FWIW, you might “solve” these problems by putting @generated in front of foo (at least, that’s my go-to strategy on 0.6). This makes the compiler run the recursion at compilation-time.

Good one! Indeed, that works.

@generated foo(::Type{T}, t, ts...) where {T} = :(foo(foo(T, t), ts...))
@generated foo(::Type{A{E, L}}, ::B{E2,L2}) where {E,E2,L,L2} = :(A{E2,L})
@generated foo(::Type{A{E, L}}, ::C{E2,L2}) where {E,E2,L,L2} = :(A{E2,L2})

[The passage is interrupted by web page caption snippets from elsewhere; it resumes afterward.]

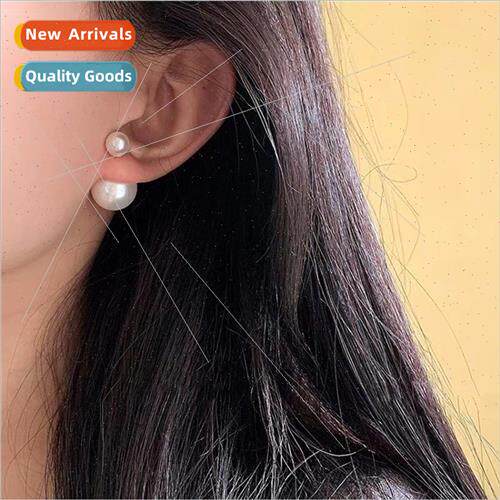 S925 silver pin double head pearl earrings large pearl earri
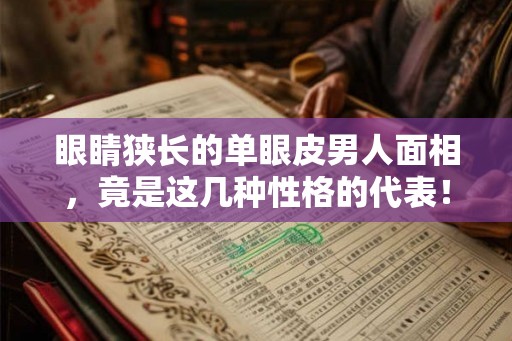 眼睛狭长的单眼皮男人面相，竟是这几种性格的代表！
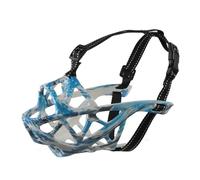 ZGHQHCDRH Protector bucal for Perros Que Permite jadear, Beber y Entrenar. Incluye una Resistente Cesta de plástico for el bozal Evita Comer, morder Masticar(Camouflage Blue and White,L)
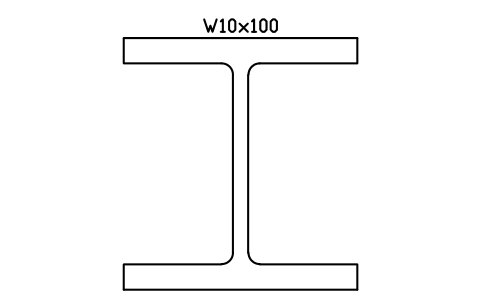 Anteprima del simbolo W10x100, blocco AISC_W10X100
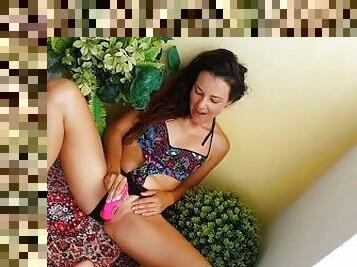 FACE SITTING(funny pillow) and Pink TOY masturbation at my balcony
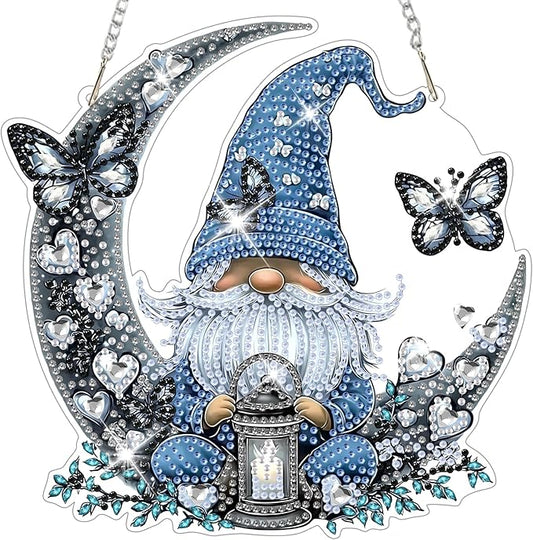 NAIMOER DIY Hanging Diamond Art Kits for Adults, Gnome Diamond Painting Kits, Special Shaped Rhinestone, Acrylic 5D Gem Art Craft Window Pendants Home Garden Wall Hanging Ornament Kits
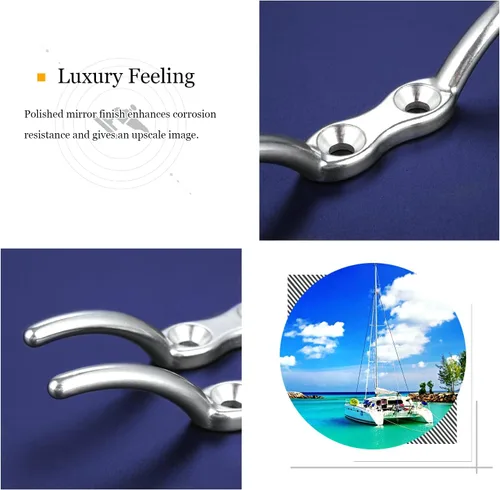 Miniatura 3 de AMYSPORTS Marine Hardware Cuerda Cleat Steel Heavy Duty Rope Cleat Marine Stainless Deck Boat Cleat Amarre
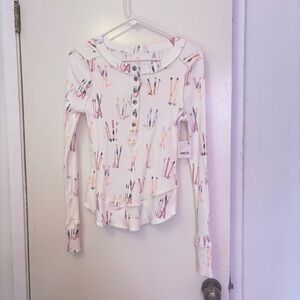 Free People White Patterned Top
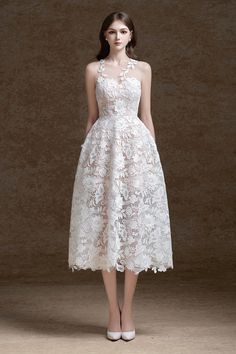 Midi Lace Wedding Dress, Midi Dress Classy, Fancy Short Dresses, White Lace Midi Dress, Mean Blvd, Types Of Lace, Dream Party, Crochet Lace Dress, Illusion Dress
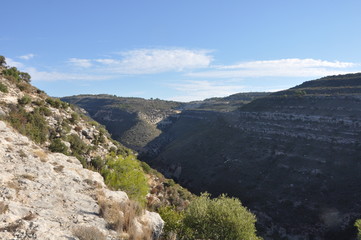 The beautiful natural mountain landscape in the Cyprus massif in the background at sunset
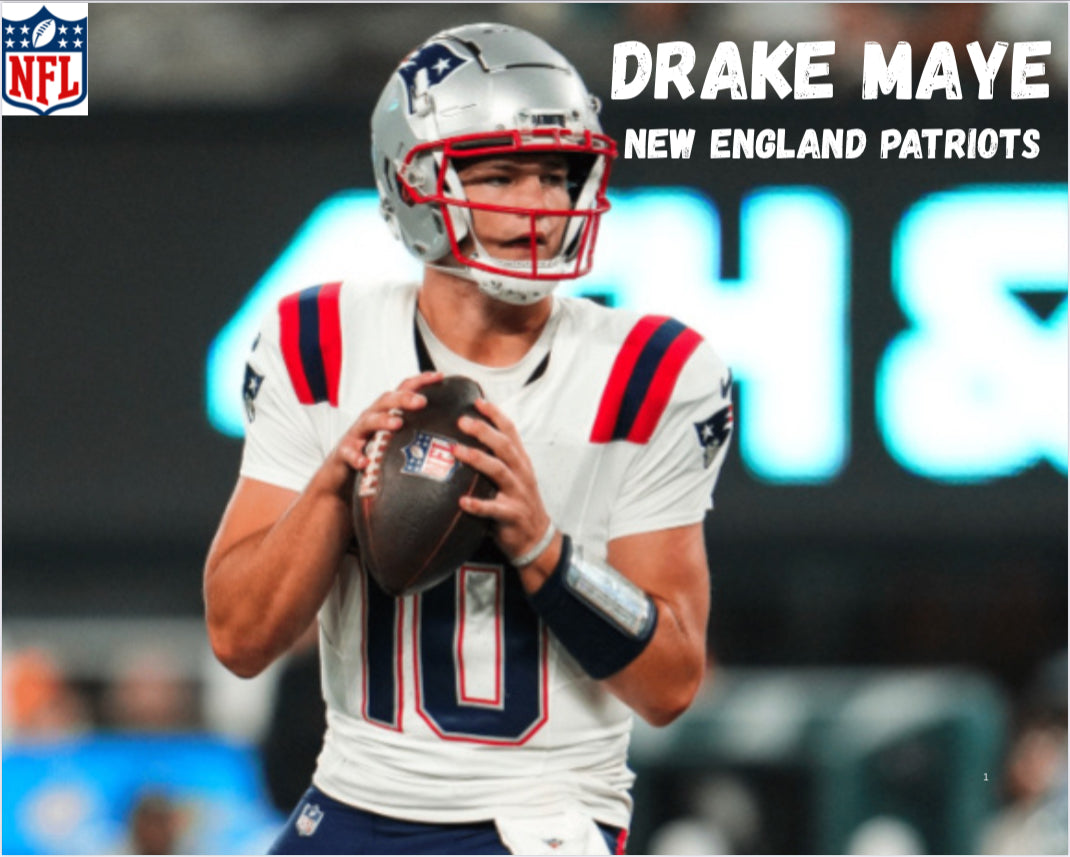 Drake Maye poster with his white uniform on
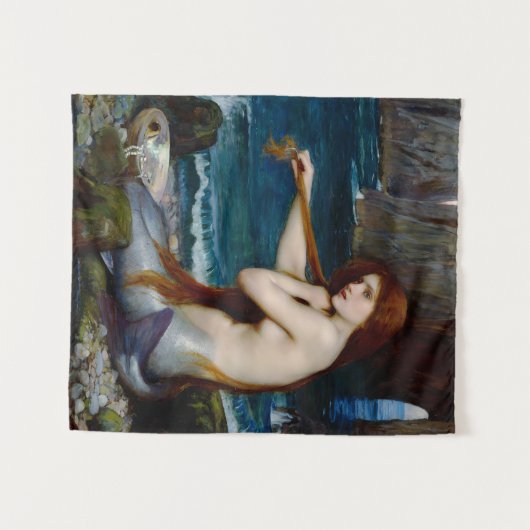 Zeemeermin John William Waterhouse Schilderij Wandkleed (Voorkant (horizontaal))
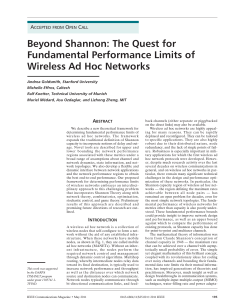 Beyond Shannon: The Quest for Fundamental Performance Limits of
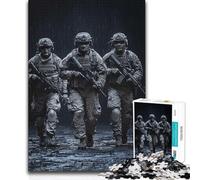 Adults 1000 Pieces Puzzle Soldiers in The Rain Birthday Present Hands-on Game for 14+ Puzzle Game Offered (size 50x75cm)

julia> @btime foo(A{Float64,0}, $b, $c, $b, $b)
  1.873 ns (0 allocations: 0 bytes)
A{Float64,2}

At some point in the past I loosely recall there was a recommendation to do things without generated functions if possible, but I don’t remember the reasons (compilation times, precompilation perhaps?). Do I remember correctly? If so, does the reason still apply in the new 1.0 world?

By the way, interestingly, the @code_native output using your @generated approach and the ts::Vararg{<:Any,N} approach is identical, and looks very compact to my untrained eye

julia> @code_native foo(A{Float64,0}, b, c, b, b)
	.section	__TEXT,__text,regular,pure_instructions
; Function foo {
; Location: REPL[4]:1
	subq	$40, %rsp
	movq	%rsi, 32(%rsp)
; Function @generated body; {
; Location: REPL[4]:1
; Function foo; {
; Location: REPL[4]:1
; Function @generated body; {
; Location: REPL[4]:1
	movabsq	$4546854976, %rax       ## imm = 0x10F038040
	movq	%rax, (%rsp)
	movabsq	$4563281216, %rax       ## imm = 0x10FFE2540
	movq	%rax, 8(%rsp)
	movabsq	$4546855192, %rax       ## imm = 0x10F038118
	movq	%rax, 16(%rsp)
	movq	%rax, 24(%rsp)
	movabsq	$jl_invoke, %rax
	movabsq	$4558629776, %rdi       ## imm = 0x10FB72B90
	leaq	(%rsp), %rsi
	movl	$4, %edx
	callq	*%rax
;}}
	addq	$40, %rsp
	retq
;}}

It’s interesting that it worked that way, but it’s not what I meant. I meant literally just putting @generated, without quoting the expression.

@generated foo(::Type{T}, t, ts...) where {T} = foo(foo(T, t), ts...)
...

Then the generated body of foo becomes a constant (i.e. the computed type).

Mmm, nope, that does not work for me. foo(A{Float64,0}, b, c, b, b) just hangs if I don’t quote the result (master and 0.6.2)… I thought generated functions where supposed to return a quoted expression, right?

Yes, but you can returned a quoted constant. Typically this just indicates you are doing something inappropriate for generated function usage (unsound). For similar reasons, it’s often a bad idea to have a generated function call itself (it’s bad enough that inference already might get run recursively inside it and think that it might call itself, resulting in a StackOverflow and crash, but so far we’ve usually managed to avoid that).